Vos objets sont séparés par des vitres, mais aussi par des baguettes métalliques. Chaque couple d’objets a son propre présentoir dont le support est divisé en deux : pour chaque objet sa partie de l’étagère. Il me semble qu’à la fois vous construisez et défaites un système binaire. Qu’est-ce qui se passe entre ces binarités ?
Si chaque objet fait face à son double idéalisé, il est aussi prisonnier de l’image que celui-ci lui renvoie. C’est dans cette dualité que s’instaure le silence, un dialogue impossible avec un double inaccessible. La proximité n’est qu’un leurre. La relation de l’un à l’autre, à l’intérieur du couple, n’existe pas sans cette dualité. L’espace entre les objets pourrait être considéré comme un filtre, un miroir sans tain.
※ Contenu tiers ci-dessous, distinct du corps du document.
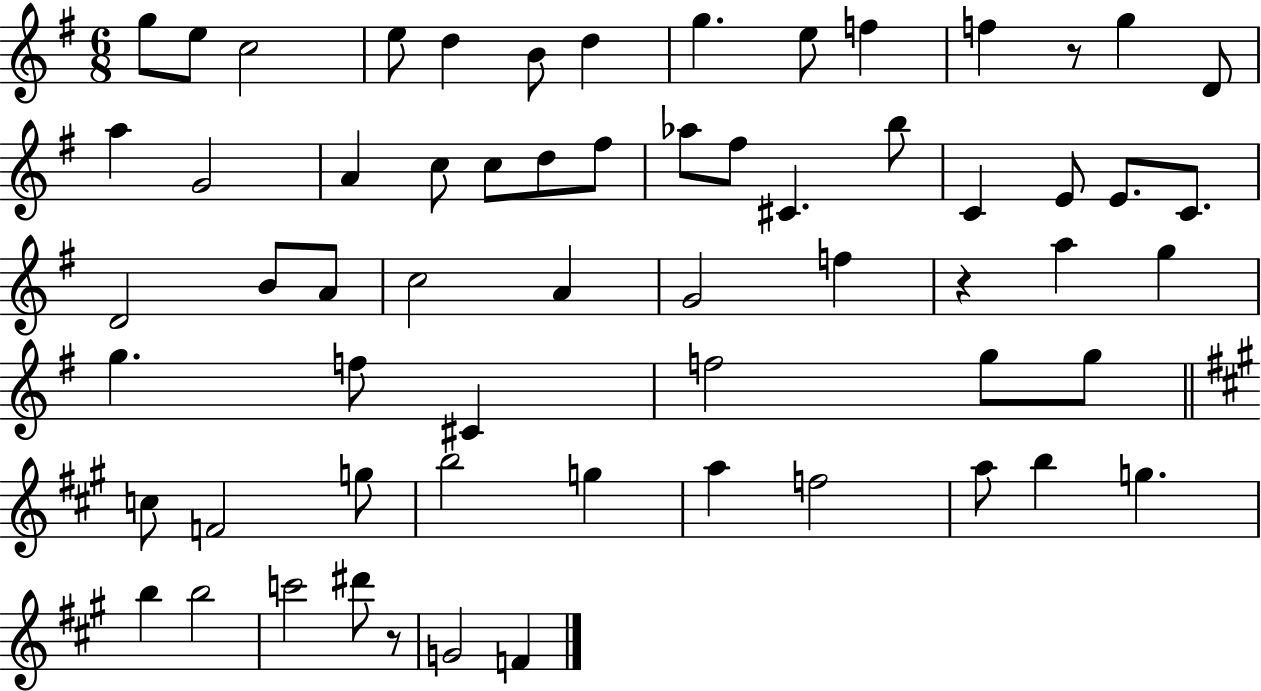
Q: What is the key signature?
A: G major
Votre présentation a quelque chose d’un laboratoire scientifique de par son aspect clinique et stérile. Pourquoi ?
Quand on effectue une recherche sous contrôle des éléments extérieurs, cela oblige à maîtriser des opérations, à laisser le moins de place possible à l’aléatoire.

Est-ce pour cela que les objets sont aussi lisses, brillants et translucides ?
Ces objets donnent seulement l’impression d’être parfaits. Ils sont polis de la même façon, mais à chaque étape, à chaque surmoulage, des déformations sont générées. Les formes mutent elles-mêmes et le polissage donne l’illusion de la perfection. On peut imaginer qu’en poursuivant l’expérience jusqu’à l’épuisement des possibilités les formes se modifieraient au point de devenir autres. Je ne donne qu’une apparence de maîtrise, mais en réalité ce sont les formes et les techniques employées qui décident de l’évolution, moi je repère les changements et je tente de les intégrer.
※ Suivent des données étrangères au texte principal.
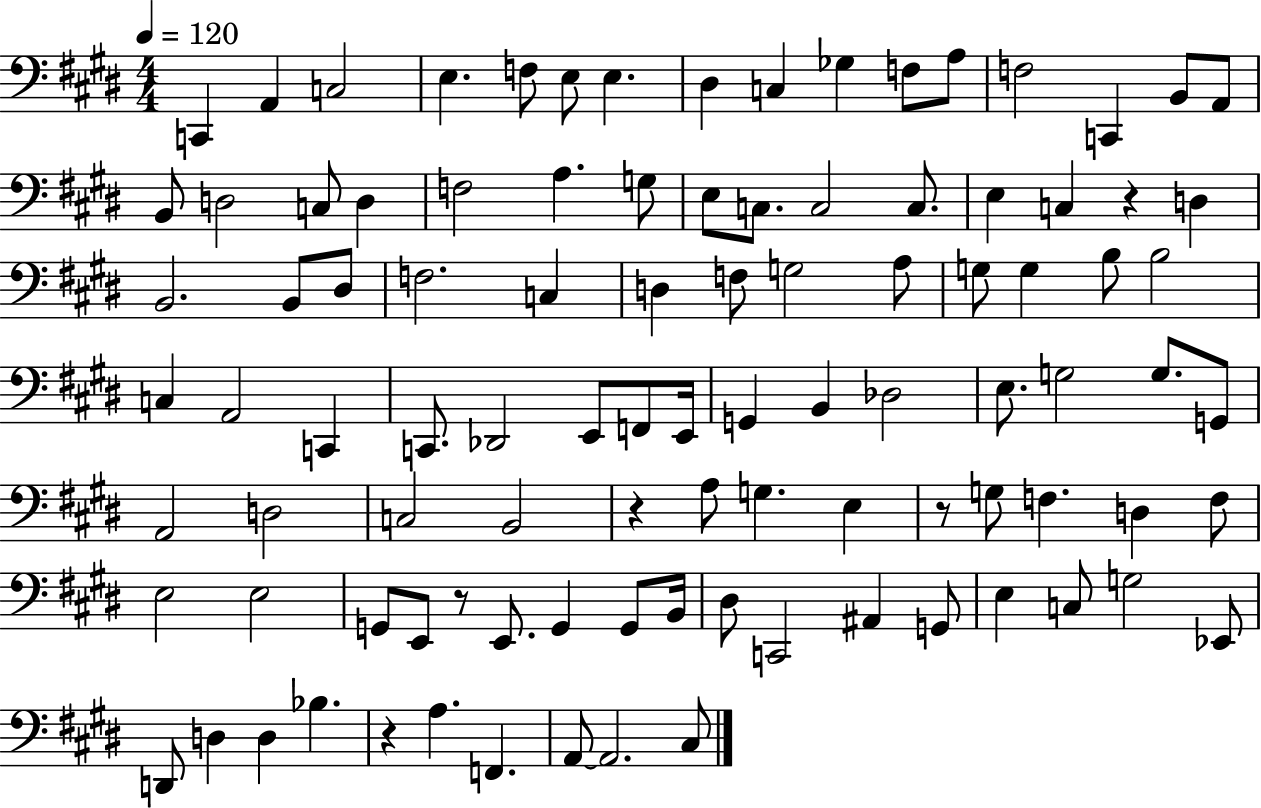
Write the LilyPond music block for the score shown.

Récemment, vous avez montré à l’association Huicenmillun à Montreuil des objets d’un tout autre type : de petites machines motorisées soulevant ou poussant des blocs de ciment. Contrairement aux objets que vous montrez à l’exposition Jeune Création, ces machines étaient animées, bruyantes et plutôt poreuses !
Ces petites machines, je les ai appelées Robots. Ils se déplaçaient ou généraient des séquences de mouvement qui leur étaient propres. Toutes ces séquences étaient binaires et aussi absurdes. L’ensemble créait une chorégraphie à chaque fois renouvelée. Les machines étaient indépendantes les unes des autres et s’émancipaient un peu plus à chaque séquence. Avec ces robots, je tentais de créer de l’aléatoire par le hasard des interactions.

Entretien réalisé par Katrin Gattinger lors du Salon de la Jeune Création 2003, Grande Halle de la Villette, Paris.